= Molierissimo =

Molierissimo is a French animated television series in 26 25-minute episodes, produced by DIHR and broadcast October 1989 in Cabou Cadin 1 on Canal+. It was rebroadcast from 7 January 1992 in Amuse 3 on FR3. The series had 21 episodes (1 season).

== Synopsis ==
A young boy of ten named Quentin joins Molière's company and journeys with them through the kingdom of France.

== Episodes ==
- The mask and sword
- The children in the family
- The illustrious theater
- Medea dress
- The traveling theater
- The stunned
- The fight for Paris
- The Prince de Conti
- The removal
- The vagaries of a large
- Mr.

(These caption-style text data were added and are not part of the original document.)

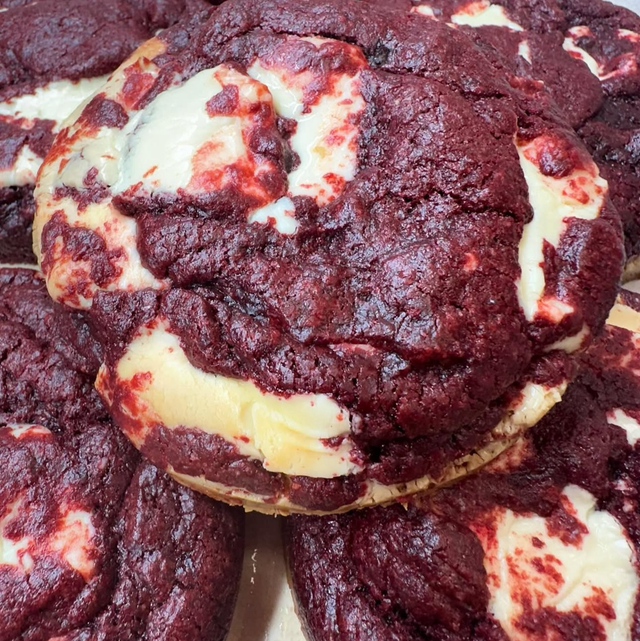 VEGAN RED VELVET NEW YORK COOKIE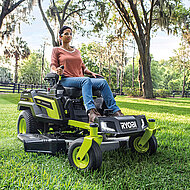 Ryobi 72 V-Akku-Aufsitzrasenmäher für komfortablen Rasenschnitt ohne Abgasemissionen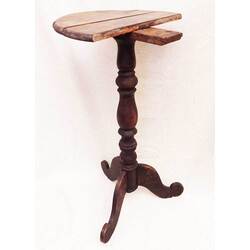 Реставрируемый деревянный стол с точеной ножкой
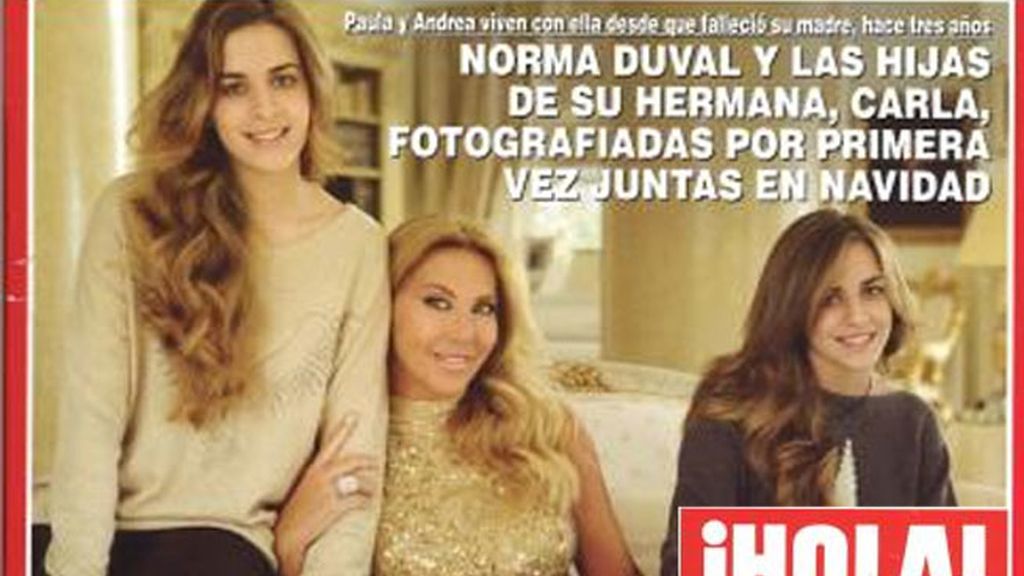 Norma Duval posa con sus sobrinas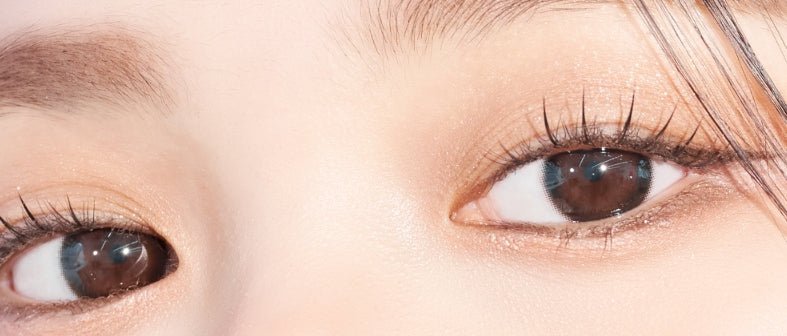 LensVery Just Black colored contact lens, 13.4mm graphic diameter, Monthly wear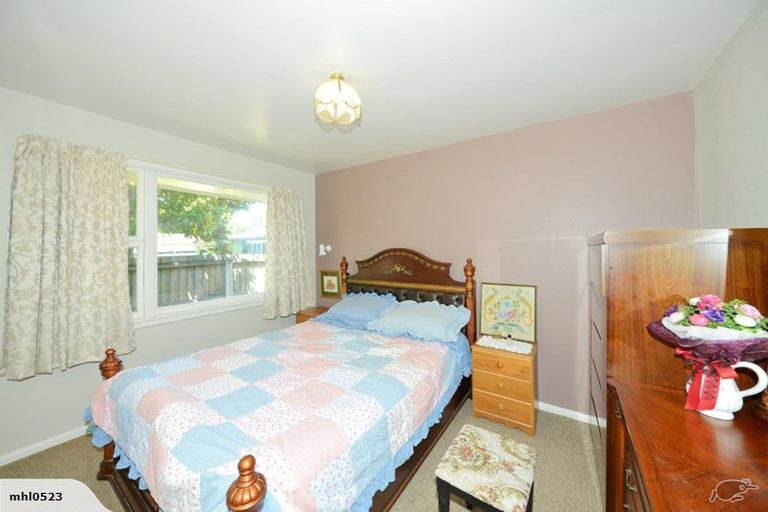 Photo of property in 25 Sevenoaks Drive, Bryndwr, Christchurch, 8053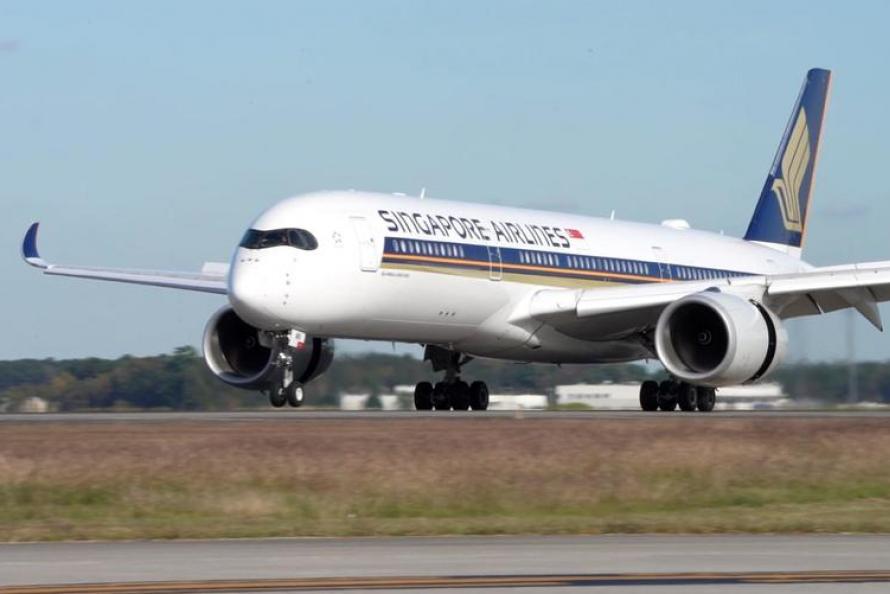 Singapore Airlines at IAH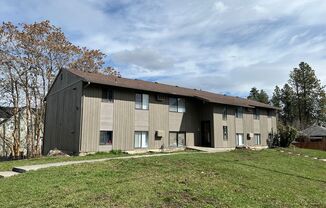 1111 E 8th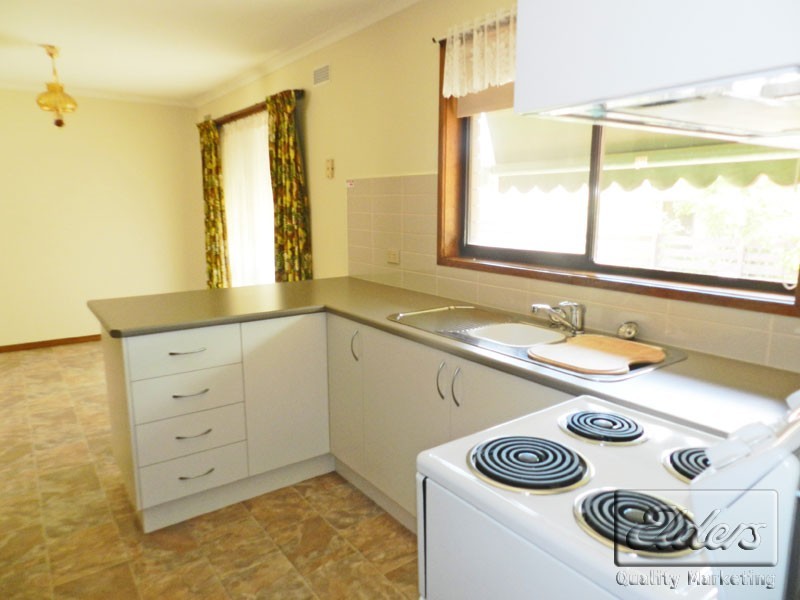 45 Raglan Street, White Hills VIC 3550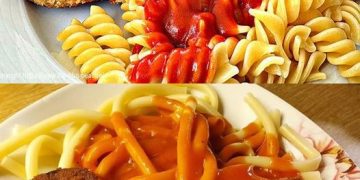 DDR Makkaroni mit Tomatensoße und Jägerschnitzel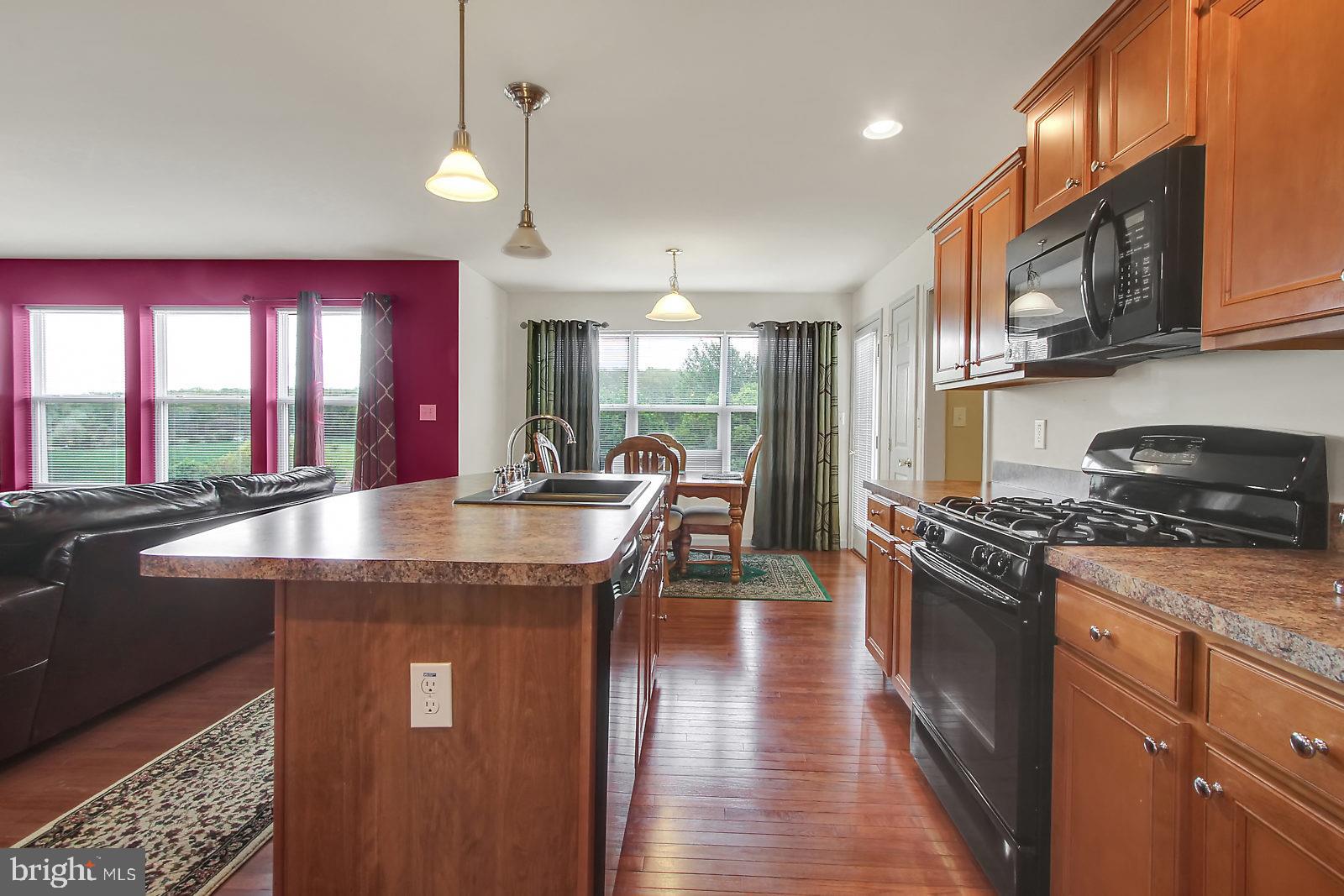 LAUREL VISTAS - Residential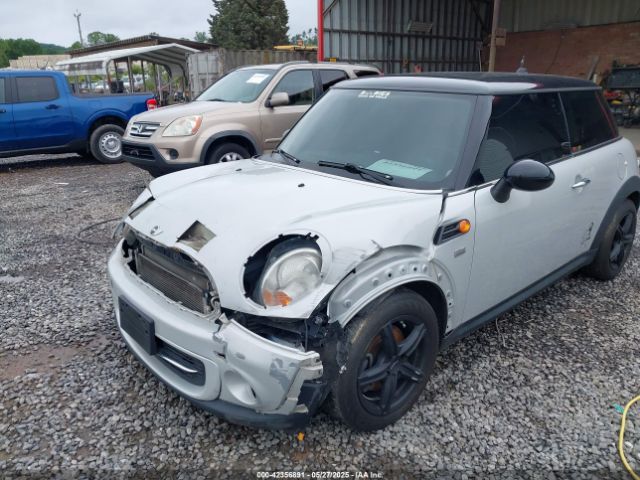 2011 MINI COOPER WMWSU3C51BT181694 Photo 1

King's brother
- The big day
- The La Grange book
- The precious ridiculous
- The mare
- The arrest
- The bombshell
- The Royal Palace Theatre
- Fugue
- Vaux le Vicomte
- Exile
- The robbers
- Night harlequins
- Two young drums
- Women's school
- The pleasures of the enchanted island

== Cast ==

- Claude Giraud: Molière
- Tania Torrens: Madeleine Béjart
- Damien Boisseau: Quentin
- François Chaumette: Bonaventure
- Albert Augier: Cardinal Mazarin
- Vincent Ropion: Louis XIV
- Danièle Douet: Genevieve Bejart
- Jean-Pierre Delage: Molière's Father
- Paul Bisciglia: Pouillard (sidekick Marchenoir)
- Maurice Sarfati: Narrator, The Chassieux (sidekick Marchenoir)
- Maria Tamar: Anne of Austria
- Jean-Pierre Leroux: Mr. King's brother
- Anne Jarry: Clarisse Marquise de St Julien
- Nicole Hiss: Louise Verville
- Régis Lang: Comte de Verville
- Jean-Luc Kayser: D'Artagnan (first voice), Cyrano de Bergerac (second voice)
- Michel Le Royer: Cyrano de Bergerac (first voice)
- Jean-Paul Solal: D'Artagnan (second voice)
- Patrick Prejean: Scaramouche
- Roger Carel: the head of the Court of Miracles
- Claude Rollet: Comte de Rambouillet

== Reception ==
Planète Jeunesse praised the series.